It feels terribly clichéd to talk about words painting pictures but, although I have tried to find other words, I can really think of no better way to express my feelings about this book.
The author allows her reader to observe lives, visiting and watching. And it works beautifully, because she understands the maxim show don’t tell.
She writes in the first person present tense, something I don’t usually like. But after the first page I didn’t think about it. I was caught up.
The story opens in The Electric Theatre on York Road in Battersea. The date is 14th August 1914.
William and Amelia have come to see a film. Of course in 1914 that was a grand adventure, and a wonderful treat.
It was also a farewell. William was to go to war and Amelia was to be left behind. That was why William gave Amelia the picture book. An album that she could fill with the picture postcards he promised to send from wherever he might be sent.

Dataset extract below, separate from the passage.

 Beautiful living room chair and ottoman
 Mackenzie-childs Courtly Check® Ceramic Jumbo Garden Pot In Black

William sees and wonders at the world. And he must face the war at Galipolli.
Amelia raises their son, Billy, and they must both face battles of their own.
Billy marries Ruby, who is Jewish, before he is caught up in another war.

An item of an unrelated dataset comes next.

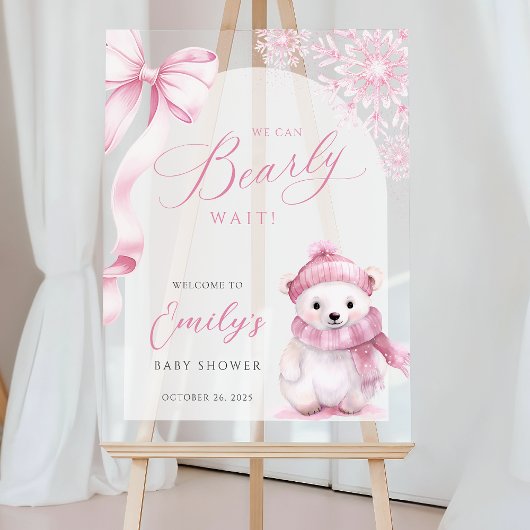 Beary Pink Winter Baby Shower Acrylic Welcome Sign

Billy and Ruby’s son, Will, grows up in a very different, post-war world and becomes an academic.
His first child is a daughter, Billie, and she moves the story into the present day and brings it full circle.
That broad story is perfectly captured. The world changes, and yet so much remains the same. Patterns repeat, and patterns change.
But there is so much more. So many crucial, small details. Actions. Events. Emotions. They show exactly what you need in order to understand. No more and no less. And they show how choices, both conscious and unconscious, can have repercussions long into the future.
The Picture Book shows real people, real lives, real emotions. Painted perfectly. Pictures of childhood, adulthood and old age. Pictures of a century of history and social change. So many pictures.
I knew nothing before I picked up The Picture Book and I gained so much from reading with no foreknowledge. That is why I shall share no more details. And that is why I shall write no more.